Um, no it doesn't.  As with all demand-cached forwarding
schemes you have to process a packet heavily when you have
a cache miss.   Darren Kerr did some really neat things to
make it less disgusting than previous demand-cached
switching schemes emanating out of OFRV, particularly
with respect to gleaning lots of useful information out of
the side-effects of a hand-tuned fast path that was
designed to account for all the header processing one
could expect.

  I have NO excuse for simplifying, other than a lack of need to get
more detailed. I am now a little more versed in my intended audience....
(Postmortem)
However, the concept still holds true. 
The flow switching is "in essence" demonstrating the advantage of
minimizing interim processing. We have collected similar data, as well.
(Hand tuned) 
BTW: Everyone seem to have missed that flow switching ,
in its current incarnation, does not scale well. 
Sort of like ethernet, there is a critical mass point.
I was surprised no one attacked with that.. 
(not that it was important to the issue, or anything)


Flow switching does magic matching of related packets to
cache entries which describe the disposition of the packet
that in previous caching schemes could only be determined
by processing individual packets to see if they matched
various access lists and the like.  It's principal neat
feature is that less per-packet processing means more pps
throughput.

MPLS is conceptually related, btw.

Flow switching does not improve queueing delays or speed
up photons and electrons, however, nor does it worsen
them, therefore the effect of flow switching on
variability of normal traffic is nil.


  Hold it.... doesn't a better PPS throughput imply reduced que latency
?
Not the physical process of entering the que, or the physical process
of exiting the que, but the median time the data is "que homed".
(again, full latency of ingress to egress)
Kind of "by definition" ?

  The more packets that you can clear,  the less congested the pipe.
The less congested a pipe, lower the probability that a packet
will need to experience delay. Or, have I over simplified ?

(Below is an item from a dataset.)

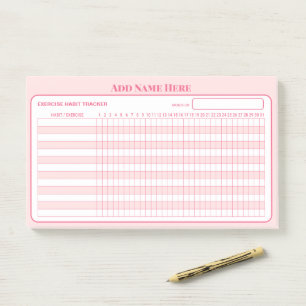 Fügen Sie Name Pink Monatlicher Gewohnheits-Tracke Post-it Klebezettel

 Or, is your operational word "normal traffic"? That would make sense.  



Flow switching has mechanisms cleverer than Leon the
Cleaner to delete entries from the cache and consequently
there are much reduced odds of a cache fault during a
long-lived flow that is constantly sending at least
occasional traffic.   You may see this as reducing
variability.  I see it as fixing a openly-admitted design flaw.

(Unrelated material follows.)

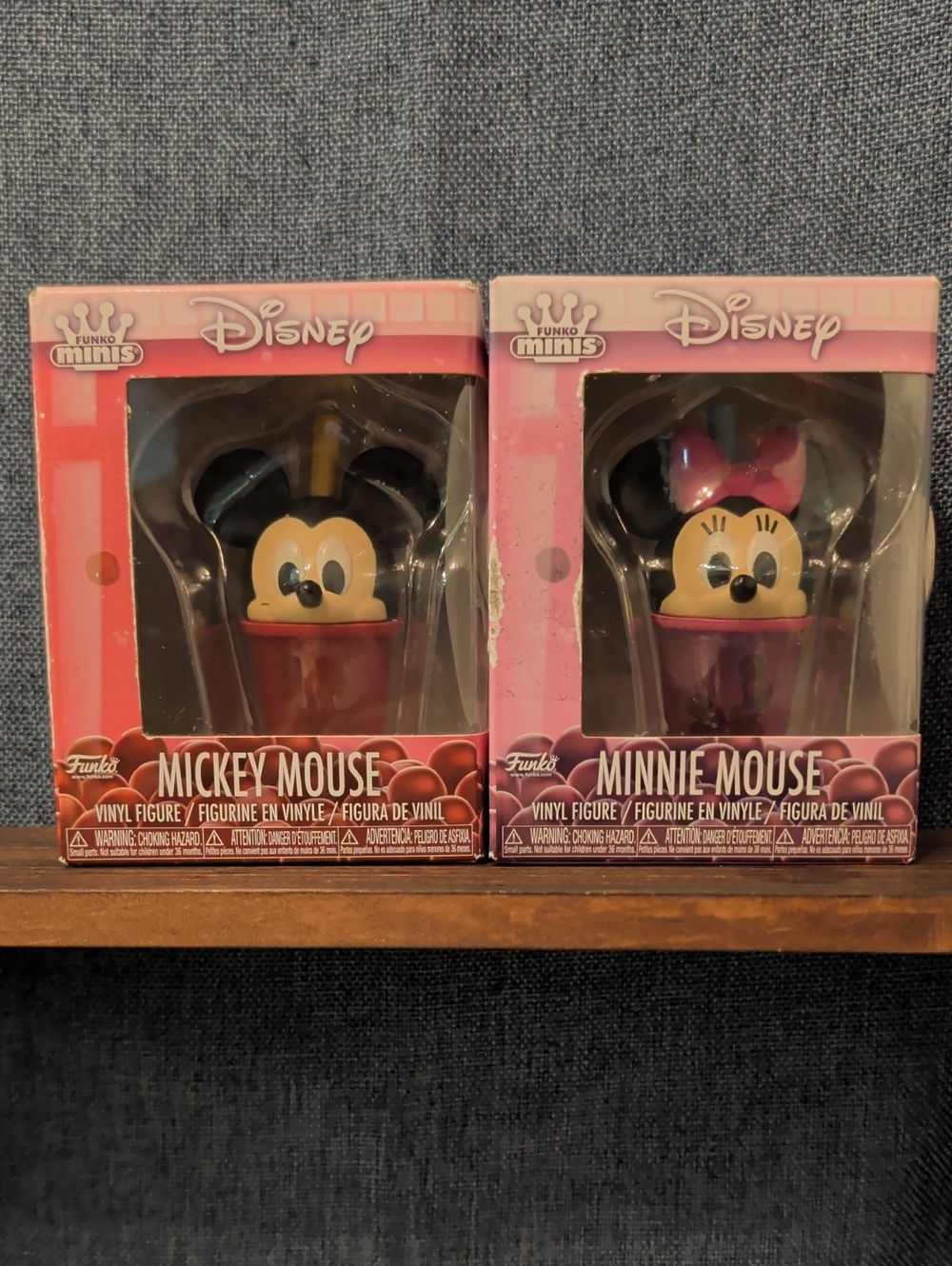 Funko Disney Mickey & Minnie Mini Vinyl Figures in Pink Packaging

 Ok. But, it still works. Reduce the time spent processing the packet/or
cell, and things get smoother... Why should it be otherwise?
 

 PS MAC Layer Switching, and ATM switching are apples and oranges.
Although, one could be used to do the other.
(Told you Dorian)

Huh?

  Sorry, A response to another users mail. They referenced a holy war in
the archives. I derived from that thread that it was an argument about
traditional LAN
switches, and their MAC based flow descisions -versus- Layer 3 Routing
descisions. I guess
technically speaking, it was related. But,it was not the immediate
issue.

  I guess in the picture of things I created flame bait.
  I claim naivette' (sp ?) to the NANOG archives .
  However, I found the discussion refreshing.